Friday, November 4, 2011

LEONARDO’S SAVIOUR OF THE WORLD REDISCOVERED IN NEW YORK


Leonardo’s Saviour of the World rediscovered in New York
The work was assumed lost until it turned up in an American private collection

By Martin Bailey. From Features, Issue 227, September 2011
Published online: 31 October 2011

After New York conservator Dianne Dwyer Modestini had removed the varnish and overpaint, the picture’s quality and style convinced the scholars. A technical examination also supported the attribution. Pentimenti, such as a change in the thumb of the hand of Christ raised in blessing, were further evidence.

The attribution is fully accepted by Syson and National Gallery director Nicholas Penny. “We felt that it would be of great interest to include it in the exhibition as a new discovery,” a gallery spokesman told us.

The roll call of specialists who accept the attribution includes Carmen Bambach, Andrea Bayer, Keith Christiansen and Everett Fahy (Metropolitan Museum of Art, New York), David Alan Brown (National Gallery of Art, Washington, DC), Mina Gregori (University of Florence), Maria Teresa Fiorio (Raccolta Vinciana, Milan), Pietro Marani (Politecnico, Milan), David Ekserdjian (University of Leicester) and Martin Kemp (University of Oxford). Some have dated it to the end of Leonardo’s period in Milan (1498-99) and others to Florence (1500-06). So far, Italian specialist Carlo Pedretti is the only scholar to have questioned the attribution.
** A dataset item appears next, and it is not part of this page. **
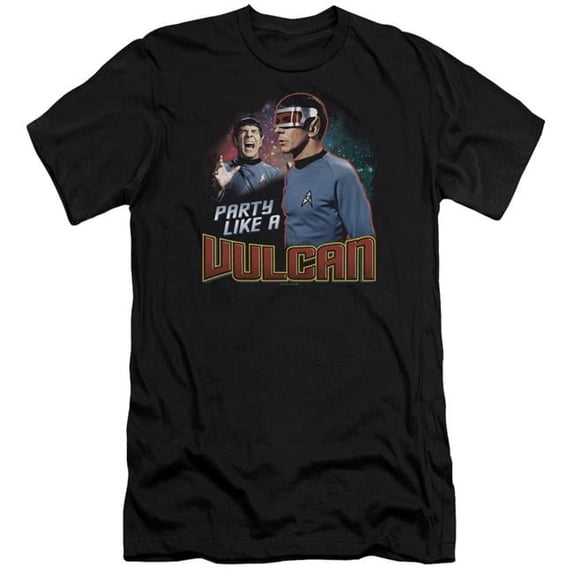 Trevco CBS216-PSF-3 Star Trek & Party Like A Vulcan Premium Canvas Adult Cotton Slim Fit 30-1 T-Shirt, Black - Large
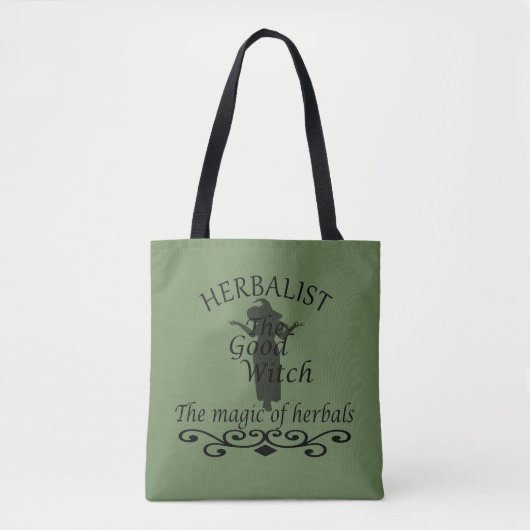 Kruidengenezer groene heks magie natuurlijke genee tote bag (Voorkant)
Where has the painting been for five centuries—and how did it emerge? By the 17th century, it belonged to Charles I. It went to the Duke of Buckingham in 1688 and was sold in 1763 by his descendants as a Leonardo. The painting disappeared and surfaced in 1900, attributed to Bernardino Luini, when it was bought by collector Sir Francis Cook.
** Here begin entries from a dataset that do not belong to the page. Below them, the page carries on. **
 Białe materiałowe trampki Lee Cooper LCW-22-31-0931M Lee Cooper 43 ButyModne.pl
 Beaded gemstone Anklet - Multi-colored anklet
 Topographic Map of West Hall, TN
Tancred Borenius, in his 1913 catalogue of the Cook collection, described it as a “free copy after Boltraffio”, although Sir Herbert Cook added a dissenting note, ascribing it to a “contemporary painter of Leonardo’s School”. Sir Herbert was an Italian Renaissance specialist, so it is curious that he never subjected the picture to further scrutiny.

Sir Herbert’s son sold the painting at Sotheby’s in 1958, as a copy after Boltraffio. It went for £45, going to a buyer named Kuntz, and soon afterwards was acquired by an American family, who sold the work in 2005.
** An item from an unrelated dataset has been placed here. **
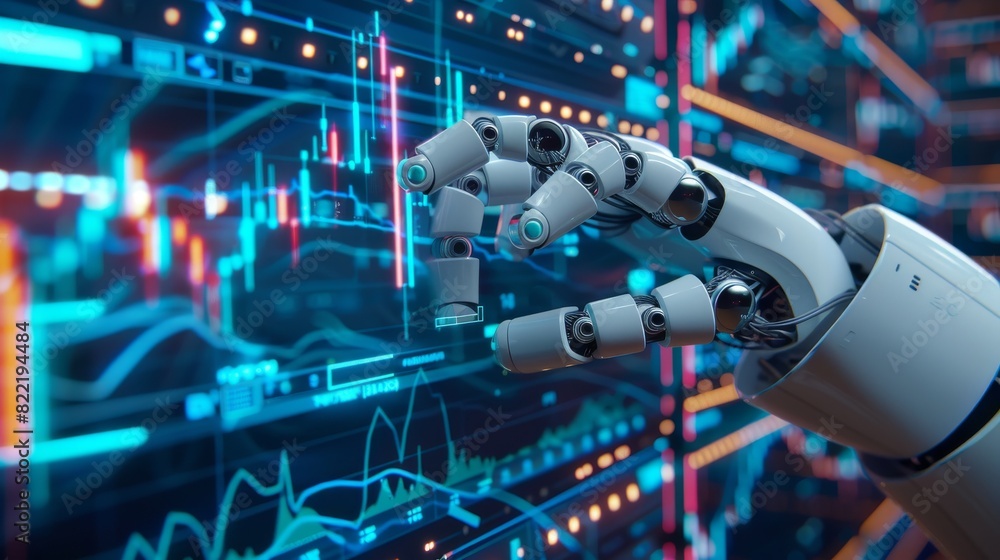 Poster hand robot pointing at candlestick graph on screen phone. artificial intelligence trader. artificial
No details are being disclosed, but it seems probable that it was a private sale, possibly to New York dealer Alexander Parish. The main art historical research on the work has been undertaken by a fellow New York private dealer, Robert Simon. Both have an interest in the picture, which is owned by an entity known as R.W. Chandler.

In accepting the Salvator Mundi on loan, the National Gallery had to be satisfied that the picture was not about to appear on the market, since this is prohibited under its guidelines.

Simon told us that the owners “recognise the responsibility we have as caretakers”. He said that the painting is “not on the market” and that he hopes it will remain “publicly accessible” in a museum. Yale University Press will publish a detailed account of the work later this year.